The Stability Of Ohio's School Value-Added Ratings And Why It Matters

I have discussed before how most testing data released to the public are cross-sectional, and how comparing them between years entails the comparison of two different groups of students. One way to address these issues is to calculate and release school- and district-level value-added scores.

Value added estimates are not only longitudinal (i.e., they follow students over time), but the models go a long way toward accounting for differences in the characteristics of students between schools and districts. Put simply, these models calculate “expectations” for student test score gains based on student (and sometimes school) characteristics, which are then used to gauge whether schools’ students did better or worse than expected.

Ohio is among the few states that release school- and district-level value-added estimates (though this number will probably increase very soon). These results are also used in high-stakes decisions, as they are a major component of Ohio’s “report card” grades for schools, which can be used to close or sanction specific schools. So, I thought it might be useful to take a look at these data and their stability over the past two years. In other words, what proportion of the schools that receive a given rating in one year will get that same rating the next year?

(Note: I originally wanted to go back further in time, but Ohio tweaked its value-added formula in the 2009-10 school year, so it’s potentially inappropriate to expand the comparison beyond last year.)

Ohio assigns value-added ratings to schools based on whether they meet, exceed, or come in below the aforementioned expectations for test score growth. The state provides a composite measure of math and reading.

In the graph below, I present the simple distribution ratings for all of Ohio public schools (over 3,500) in each of the last two school years. The data come from the Ohio Department of Education.

The distribution of schools across the three categories was somewhat similar in 2010-11 and 2009-10, with the vast majority of schools in both years either meeting or exceeding growth expectations. This looks consistent on the surface, but it doesn’t actually tell us whether schools that get a certain rating in one year were likely to receive that same rating in the next year.

So, let’s take a quick look at the year-to-year stability of the value-added ratings for those schools that received ratings in both 2009-10 and 2010-11. One extremely simple way to do this is to calculate percentage of schools that received the same rating in both years, as well the percentage of schools that “moved” one category (e.g., from “below” to “met”) and two categories (i.e., from “above” to “below” or vice-versa). The graph below presents the results.

Overall, a little over two in five schools (43.9 percent) got the same value-added designation in both 2009-10 and 2010-11, while almost half (48.9 percent) “moved” one category and seven percent “moved” two categories. In other words, schools’ value-added ratings were more likely than not to be different between years.

(Side note: I ran a few models to see whether the likelihood of schools’ receiving the same rating between years varies by the percent of students in poverty, special education, LEP, and other school-level characteristics. I could not find any discernible patterns.)

What does this mean?

On the one hand, these value-added ratings, which account for measurable student/school characteristics, are supposed to serve as partial measures of school effectiveness – since most schools function similarly from year to year, it’s not unreasonable to expect that most schools receiving a given rating in one year would receive the same rating the next year.

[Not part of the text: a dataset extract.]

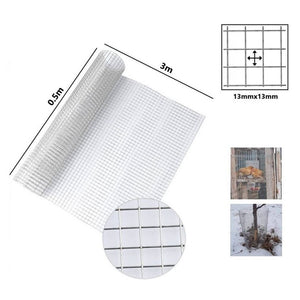Trade Shop - Set 3pz Rete Metallica Zincata 0.5x3mt Recinzione Protezione Alberi Giardino Animali 020248 -
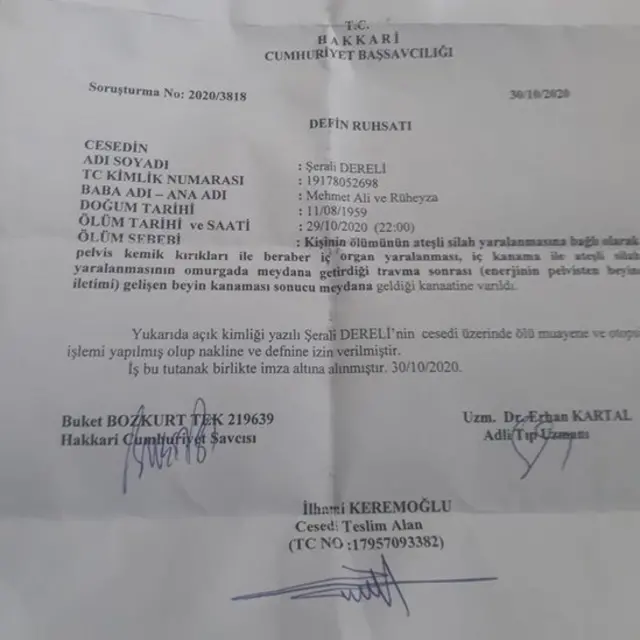 otopsi tutanağı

This was not the case.

On the other hand, there’s a degree to which instability is to be expected and even welcomed (see here and here). For one thing, school performance can exhibit “real” improvement (or degradation). In addition, nobody expects perfect precision, and part of the year-to-year instability might simply be due to small, completely “tolerable” amounts of random error

Some people might look at these results, in which most schools got different ratings between years, and be very skeptical of Ohio’s value-added measures. Others will have faith in them. It’s important to bear in mind that measuring school “quality” is far from an exact science, and all attempts to do so – using test scores or other metrics – will necessarily entail imprecision, both within and between years. It is good practice to always keep this in mind, and to interpret the results with caution.

So I can’t say definitively whether the two-year instability in ratings among Ohio’s public schools is “high” or “low” by any absolute standard. But I can say that the data suggest that schools really shouldn’t be judged to any significant extent based on just one or two years of value-added ratings.

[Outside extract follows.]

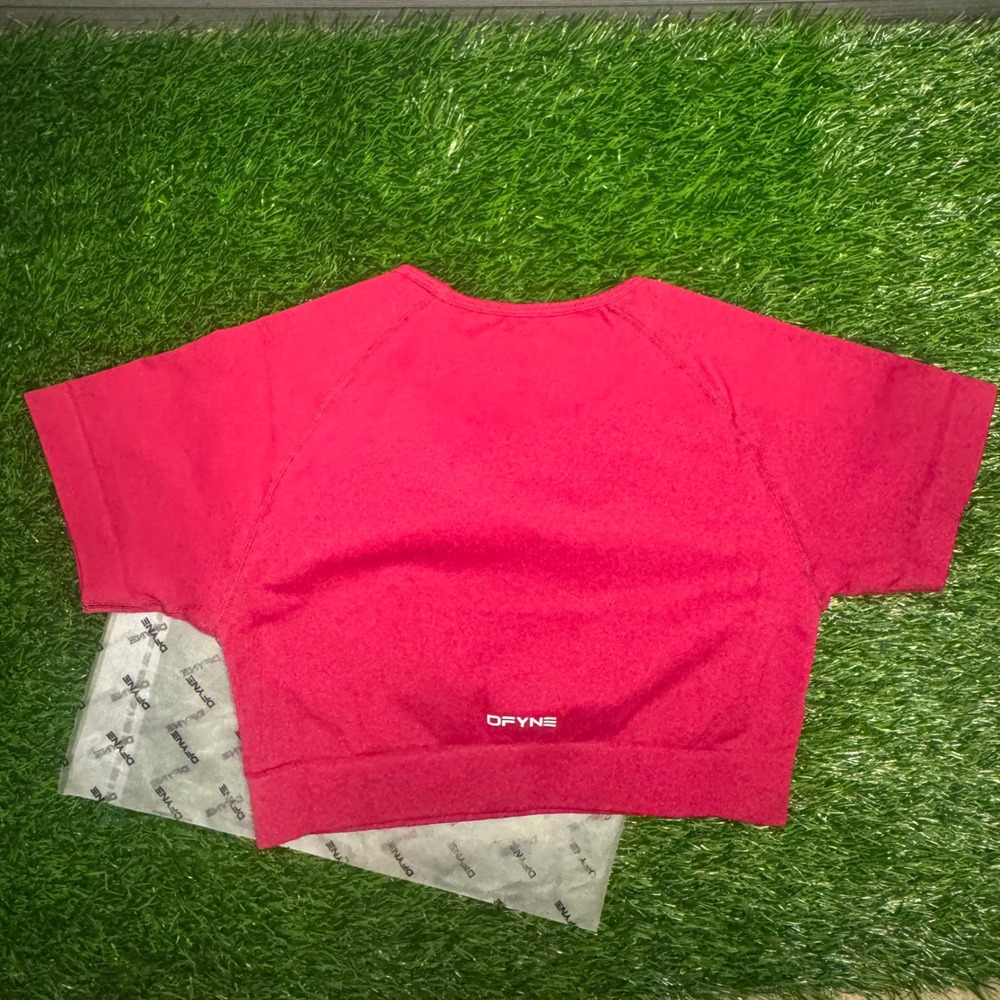 Dfyne impact crop top berry large - Picture 2 of 3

Unfortunately, that’s exactly what’s happening in Ohio. Starting this year, all schools that come in “above expectations” in any given year are automatically bumped up a full “report card grade," while schools that receive a “below expectations” ratings for two consecutive years are knocked down a grade (there are six possible grades). In both cases, the rules were changed (effective this year) such that fewer years were required to trigger the bumps – previously, it took two consecutive years “above expectations” to get a higher report card grade, and three consecutive years “below expectations” to lose a grade (see the state’s guide to ratings). These final grades can carry serious consequences, including closure, if they remain persistently low.

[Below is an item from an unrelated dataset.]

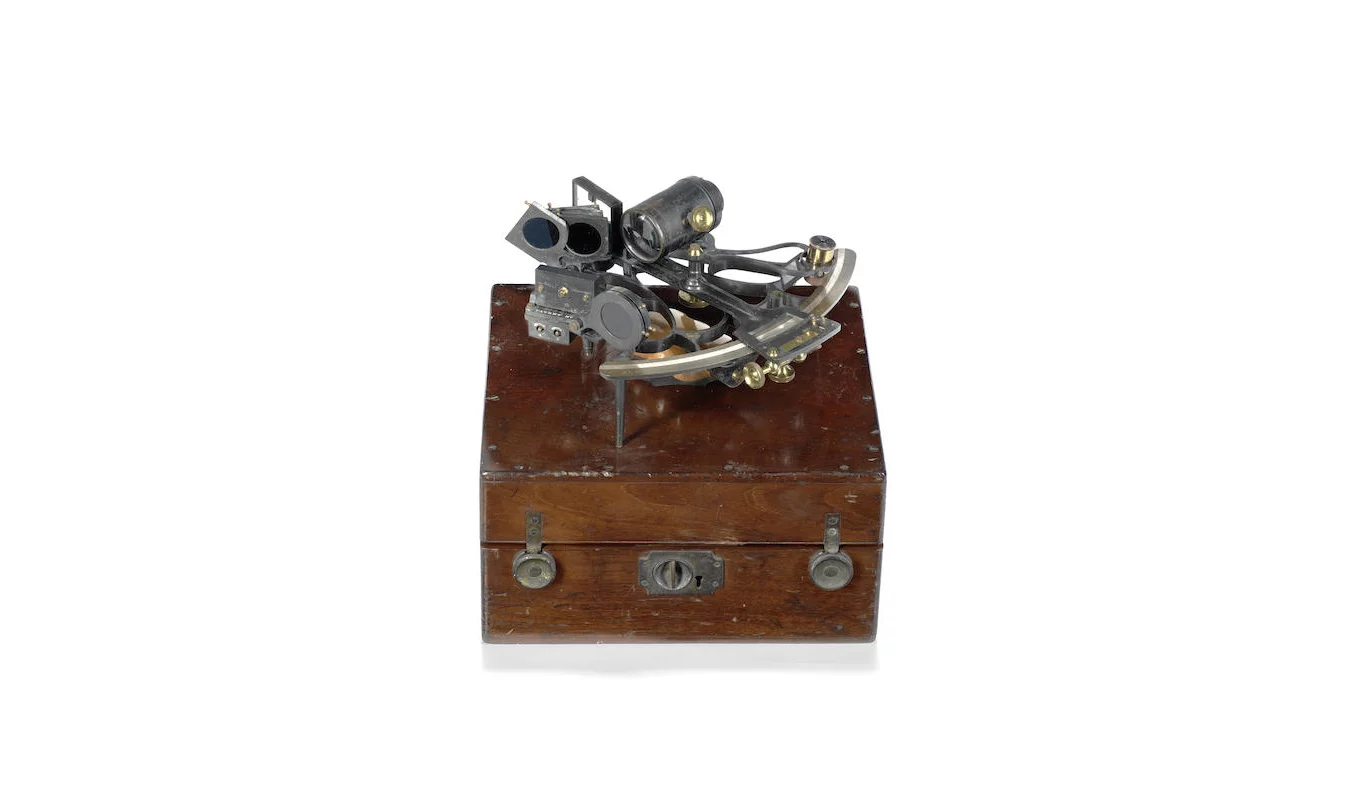 A Heath & Co bell-framed sextant, English, late 19th century, on box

As I’ve said before, value-added and other growth models can be useful tools, if used properly. This is especially true of school-level value-added, since the samples are larger, and issues such as non-random assignment are less severe due to pooling of data for an entire school. However, given the rather high instability of ratings between years, and the fact that accuracy improves with additional years of data, the prudent move, if any, would be to require that more years of ratings be required to affect report card grades, not fewer. The state is once again moving in the wrong direction.

- Matt Di Carlo